We arrived in Israel to read the headline story of the apparently forced resignation from Knesset of Yigal Gueta, a Member of the Shas delegation who, two years ago, attended the same-sex wedding of his nephew. If an employer in the United States dared to fire an employee for attending a nephew’s same-sex wedding today (or having attended it two years ago), any court in the United States would immediately conclude that the discharge violated American civil rights laws. American Congressmen who are gay now boast publicly of their sexual orientation, and it would be unthinkable for any American legislator to resign because he participated or attended a gay wedding.

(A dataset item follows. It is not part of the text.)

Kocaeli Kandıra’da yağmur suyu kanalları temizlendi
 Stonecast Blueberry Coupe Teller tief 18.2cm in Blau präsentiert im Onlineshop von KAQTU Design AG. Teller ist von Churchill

Many of the amicus briefs filed in support of Mr. Jack Phillips and his “Masterpiece Cakeshop” emphasized the “free speech” component of the baker’s claim. (I cannot claim to have read all 47, and I doubt whether any Supreme Court Justice will read them all – and the many that will be filed on the opposing side.) Freedom of expression, they said, should prevail over the literal terms of Colorado’s public accommodations law. Why, one wonders, shouldn’t free exercise of religion prevail? One hurdle is an astonishingly insensitive and short-sighted decision written by the late Justice Antonin Scalia a quarter of a century ago that effectively wrote the free exercise of religion clause out of the First Amendment.

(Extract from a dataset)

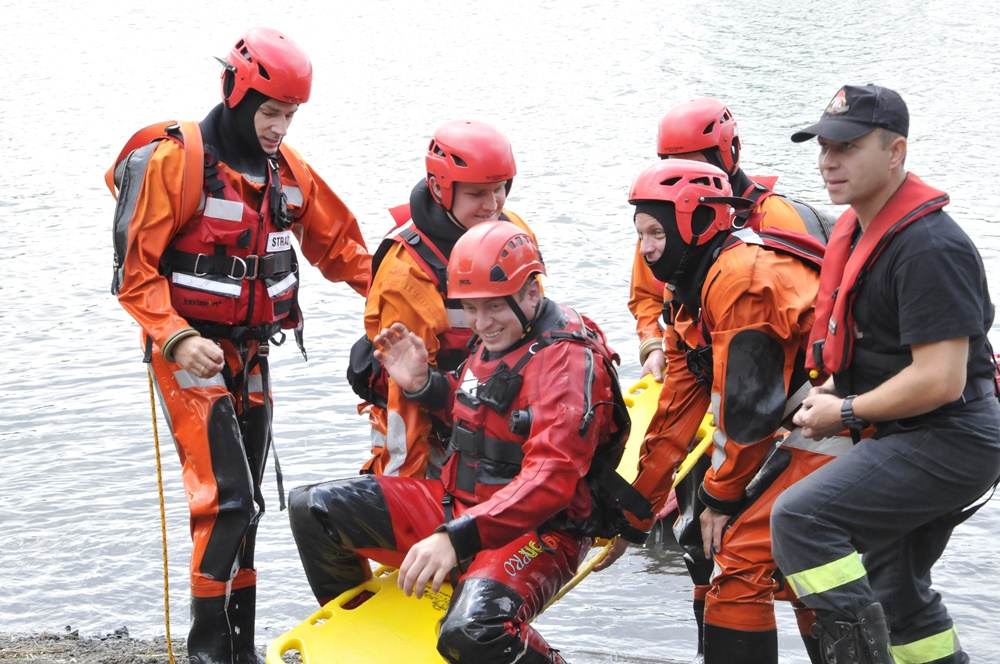 Ćwiczenia Straży Pożarnej na Kokotku 42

A creative brief filed by the Becket Fund for Religious Liberty (an amazingly successful organization that defends religious rights of Christians, Muslims, and Jews) argued that a wedding ceremony is, by its very nature, religious. Forcing the baker to prepare a wedding cake violates his constitutional right (or what is left of it after Scalia’s opinion) by coercing participation in a religious ceremony. That leaves open a wide variety of cases that could affect Orthodox Jews who refuse to participate, for religious reasons, in prohibited activity that is not like a wedding ceremony. And what is the result if the merchant is not arguably engaged in “speech?”
Could an Orthodox Jew who owns a limousine service refuse a request from a Buddhist temple (universally considered avodah zarah by contemporary rabbinic authorities) to have his cars take participants to and from a service at the temple? There would probably be a halachic dispute if the service is readily available from some other source. But what if the merchant takes a strict view and is machmir? Would he have a permissible constitutional response if the local authorities threatened to take away his license unless he complied?
In addition to joining the brief I filed, Agudath Israel submitted its own brief, taking a very aggressive position against what it called today’s “zeitgeist.” It deplored the change in American society’s values over the past half-century and called on the Court to reverse it. There may be three votes on the Court sympathetic to that view (Justices Thomas, Alito, and Gorsuch), but no other Supreme Court Justice is likely to endorse it.
Nathan Lewin is a Washington lawyer who has argued 28 cases in the Supreme Court of the United States and is on the Adjunct Faculty of Columbia Law School where he teaches a seminar on Supreme Court Litigation.